▸ **What you should do**
Under this line are the records; repeat exactly the lines starting at the one containing "Person using a" and ending at the one containing "Bright living room", omitting pictures.

▸ **Records for the exercise**
::::

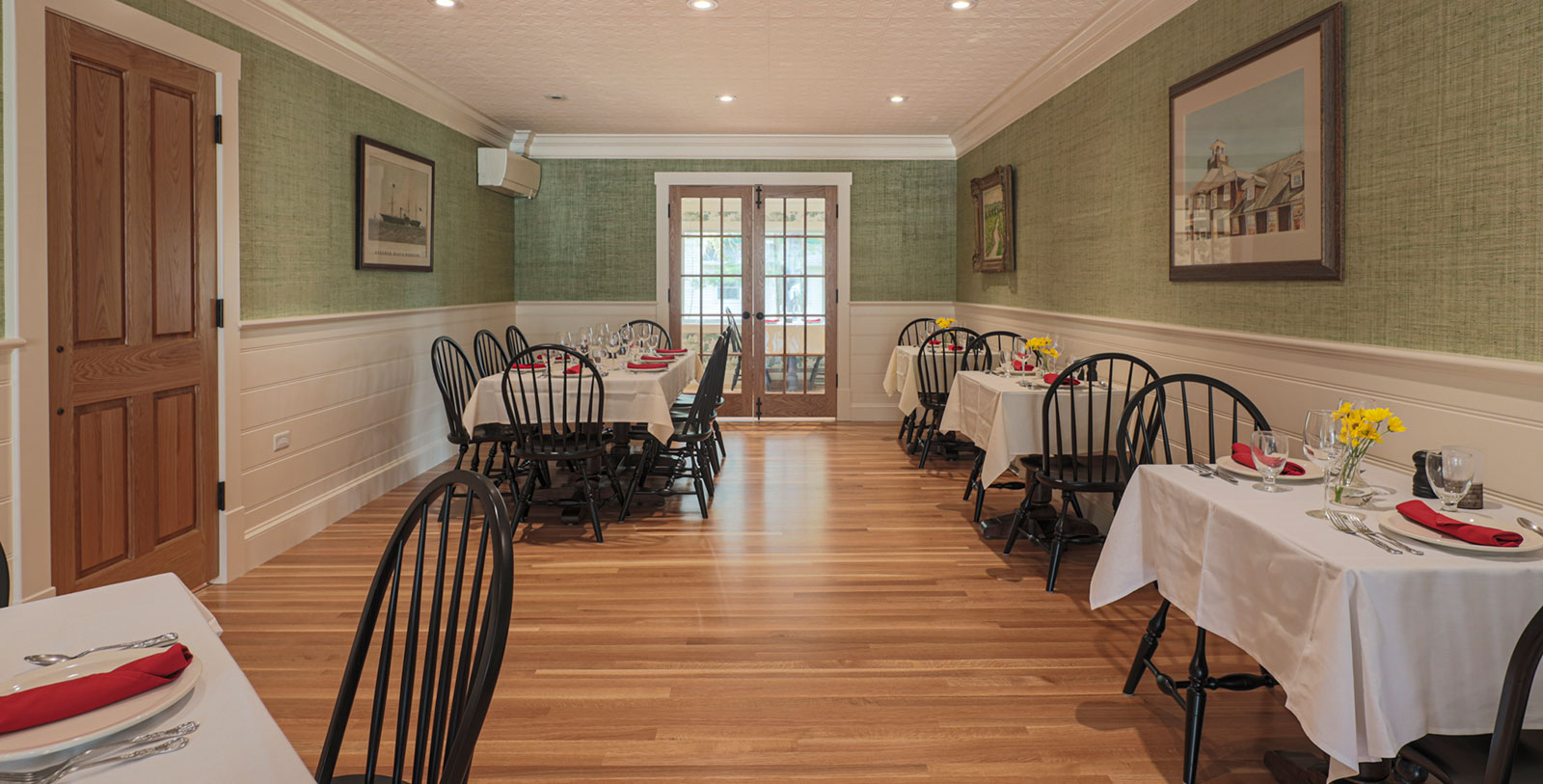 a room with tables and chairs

::::

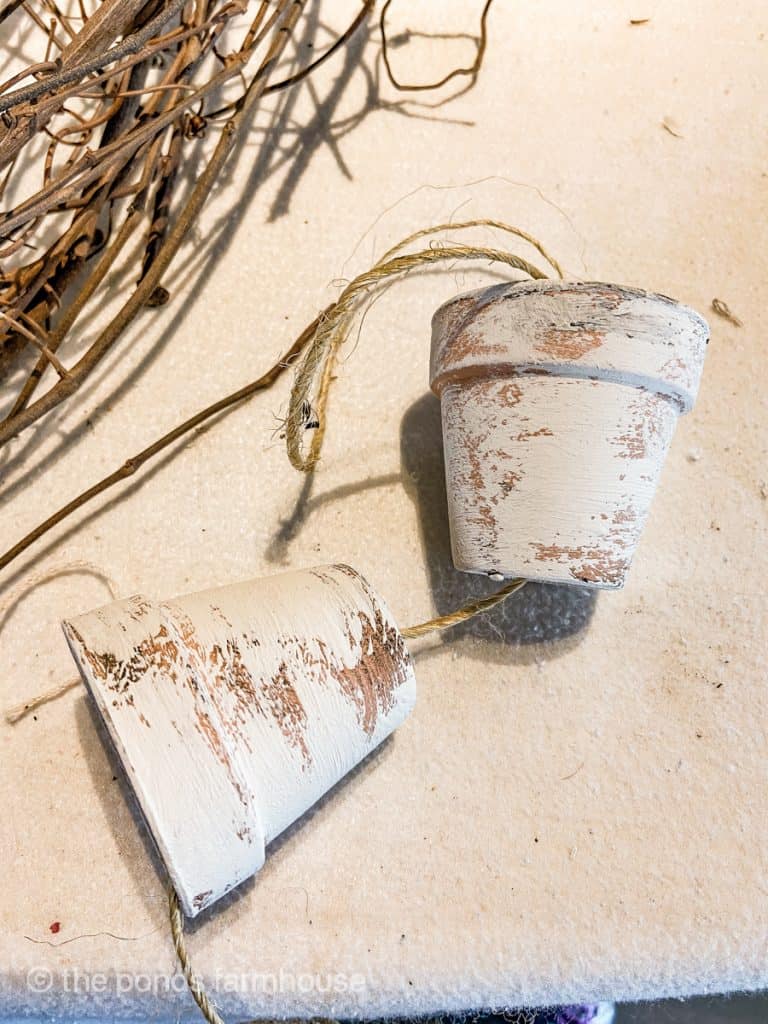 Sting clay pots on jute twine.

::::

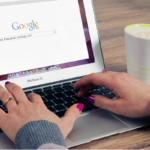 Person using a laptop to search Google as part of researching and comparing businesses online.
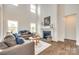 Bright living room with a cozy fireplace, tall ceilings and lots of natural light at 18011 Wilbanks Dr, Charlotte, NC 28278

::::

▸ **Task answer**
 Person using a laptop to search Google as part of researching and comparing businesses online.
 Bright living room with a cozy fireplace, tall ceilings and lots of natural light at 18011 Wilbanks Dr, Charlotte, NC 28278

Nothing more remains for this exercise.